Verdwenen geuren
Nu Niemeyer de machines heeft stilgezet zal ook de tabaksgeur uit de buurt verdwijnen. Opnieuw een geur die veel mensen liever niet roken, maar als voormalig pijproker (gestopt op 24 mei 2007) (ik begon op mijn 18e)(het zag er nogal potsierlijk uit op een fiets als je jong bent en pijp rookt)(en het werkt ook niet goed op de amoureuze markt)(maar dit allemaal terzijde) kon ik tabaksgeur wel waarderen. Het is niet meer zo dat ik achter elke pijprokende man aanloop om in de geurvlag nog wat mee te kunnen roken, maar ik heb toen ik pas gestopt was wel enkele extra kilometers gemaakt als stalkende snuiver.
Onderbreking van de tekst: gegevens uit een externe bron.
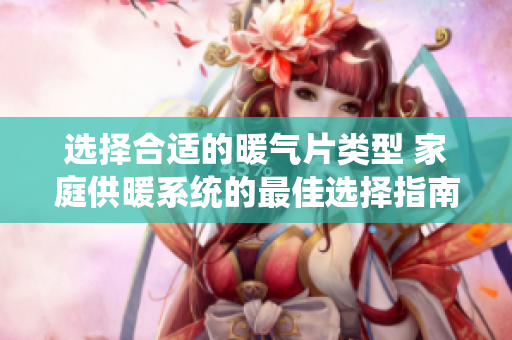 选择合适的暖气片类型 家庭供暖系统的最佳选择指南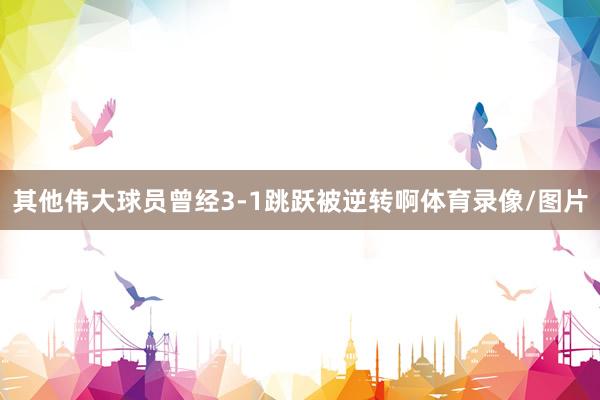 其他伟大球员曾经3-1跳跃被逆转啊体育录像/图片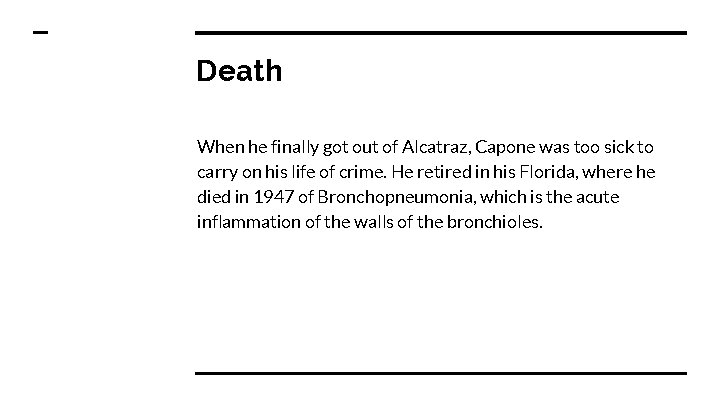 Death When he finally got out of Alcatraz, Capone was too sick to carry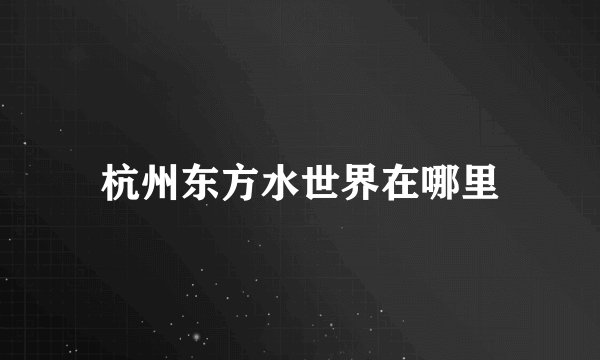 杭州东方水世界在哪里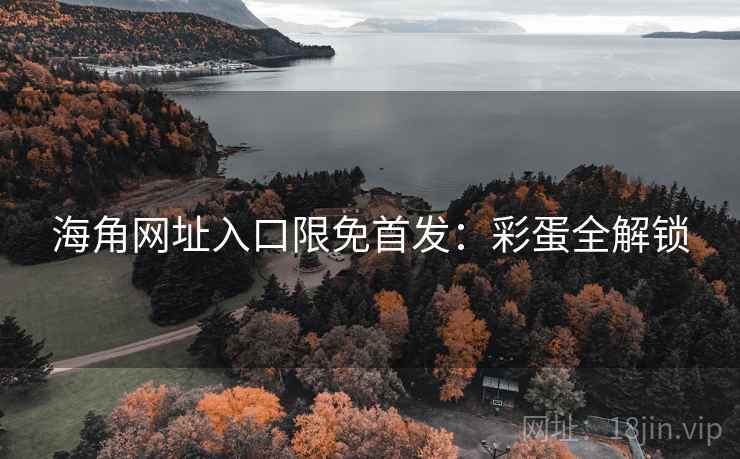 海角网址入口限免首发：彩蛋全解锁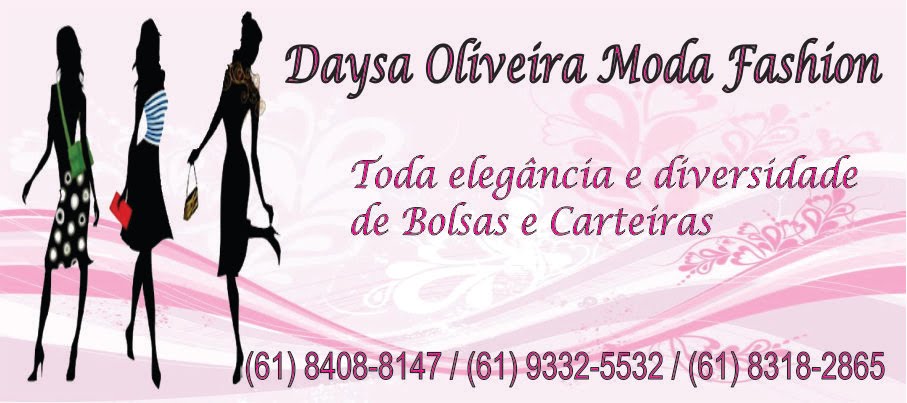Daysa Oliveira Moda Fashion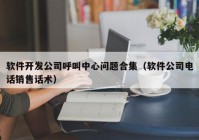 软件开发公司呼叫中心问题合集（软件公司电话销售话术）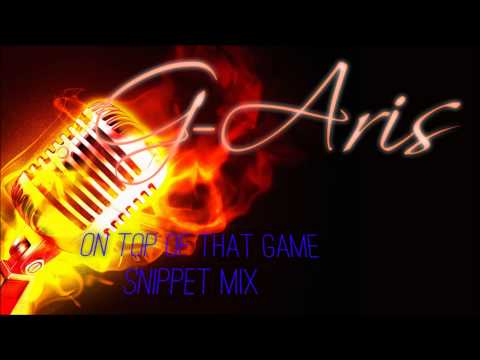 G-Aris - on top of that game (snippet-mix)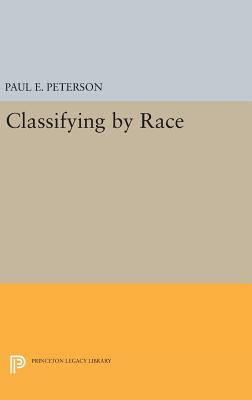 Classifying by Race - Peterson, Paul E. (Editor)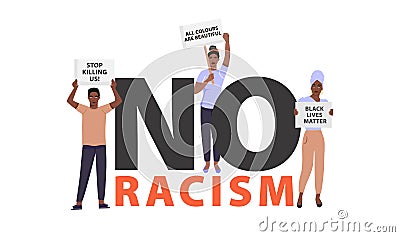 No racism lettering phrase design with group of people holding placards and protesting about human rights of black people. Vector Illustration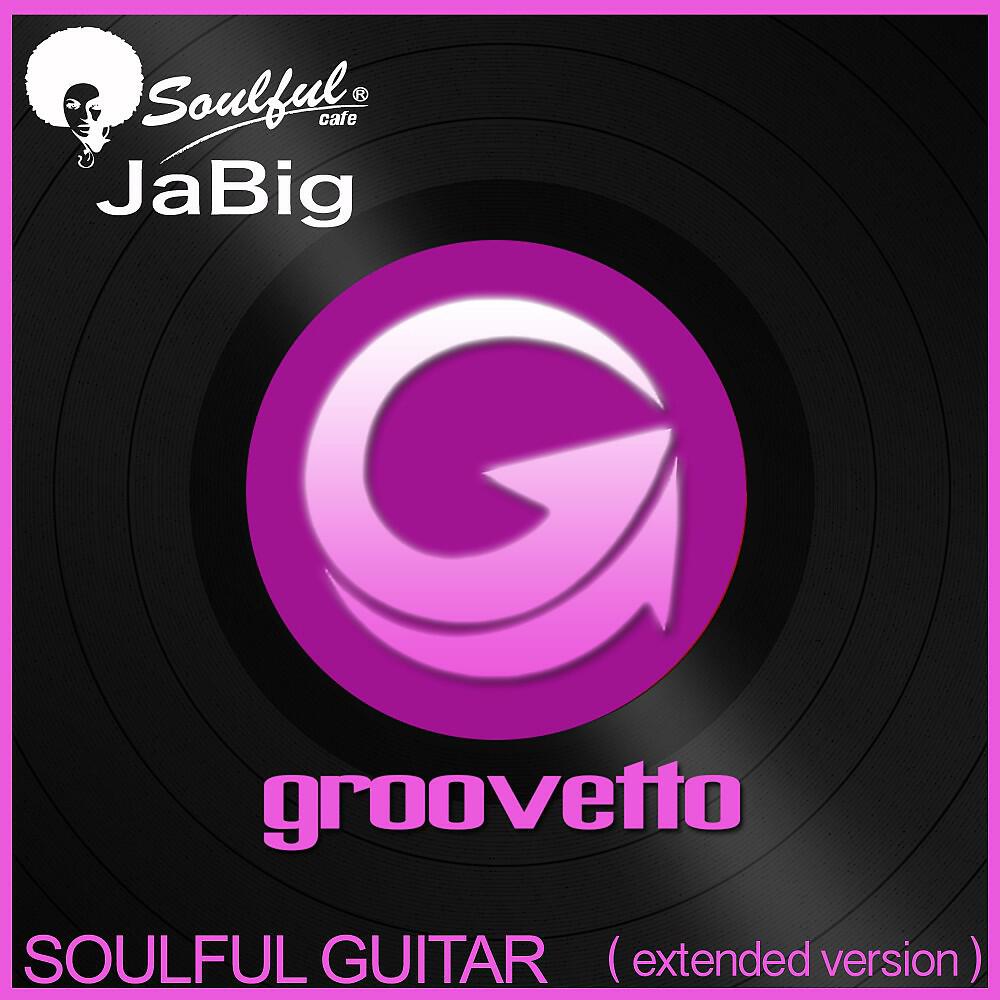 Soulful Cafe JaBig - Soulful Guitar (Extended Version)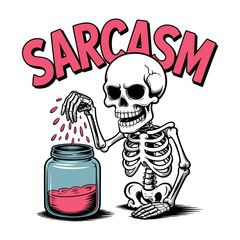 Skeleton figure adds pink sarcasm seasoning into a glass jar illustration.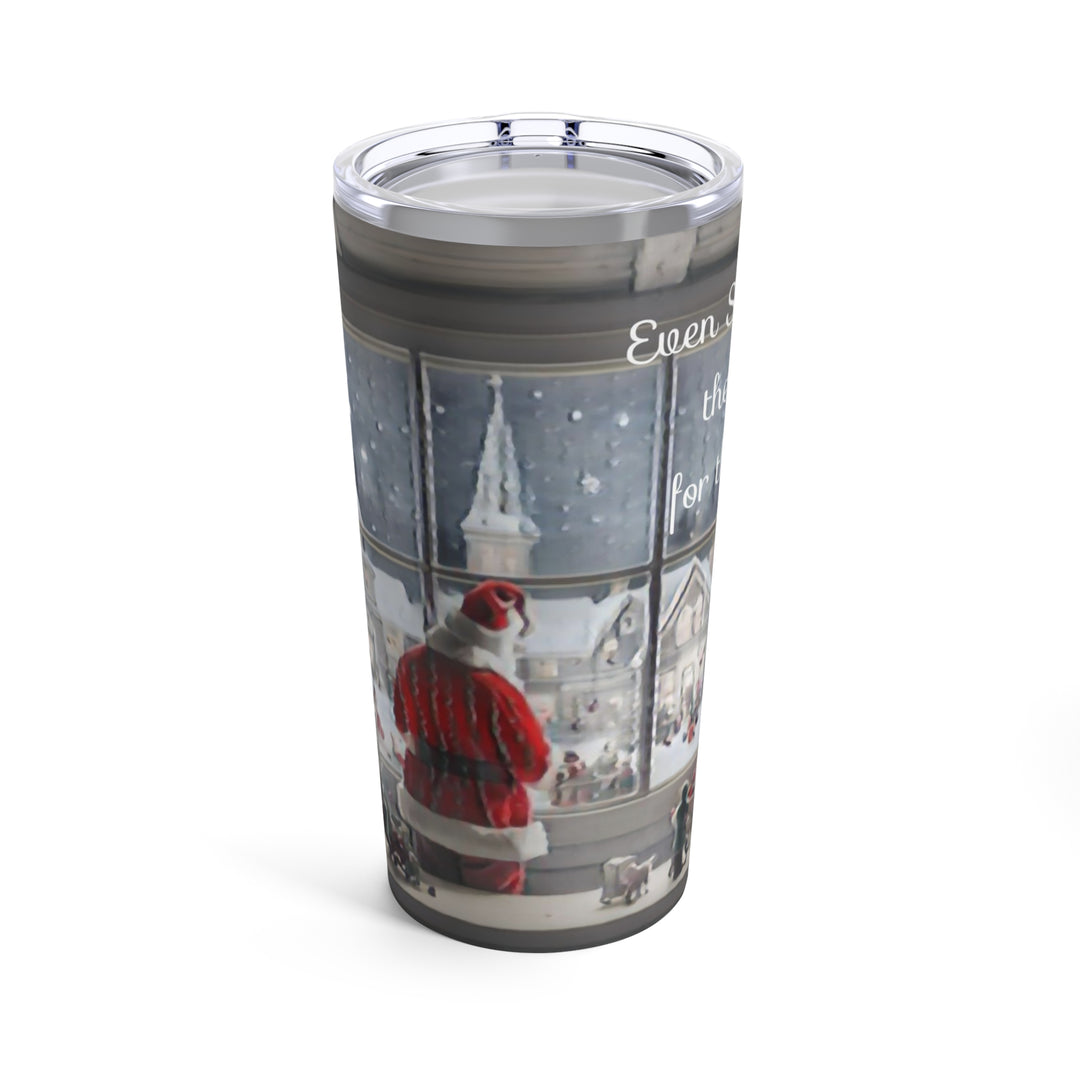 Even Santa knows Tumbler 20oz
Wie volgend jaar als student in onze wijk komt, zal deze specifieke wijkgeuren niet meer kennen. Geuren kun je niet als foto’s opslaan. Ja, je kunt een blikje vullen met geur, maar dan kun je het blikje nooit openmaken zonder de geur kwijt te raken. Een geur bestaat alleen in het geheugen. Zo moet het badhuis in de Badstratenbuurt en het zwembad erachter ook een bepaalde geur hebben gehad, maar wie zich die geur nog herinnert, moet nu stokoud zijn.
Als ik naar de uitgeverij loop waar ik op vrijdag werk, dan kom je langs Knol’s koek. Dat is net buiten onze wijk en de geur draagt slechts een paar huizenblokken ver, maar je wordt altijd iets vrolijker als je de geur van verse noten- of kandijkoek meekrijgt. Ik weet niet hoe het is als je een directe buurman bent van de koekfabriek en de hele dag in de koeklucht zit. Dat je geliefde ’s avonds thuiskomt en tegen je zegt: ‘Wat ruik je weer naar oude wijvenkoek!’
Coen Peppelenbos
Deze column verscheen eerder in Ahoy, het wijkblad van de Zeeheldenbuurt, najaar 2022.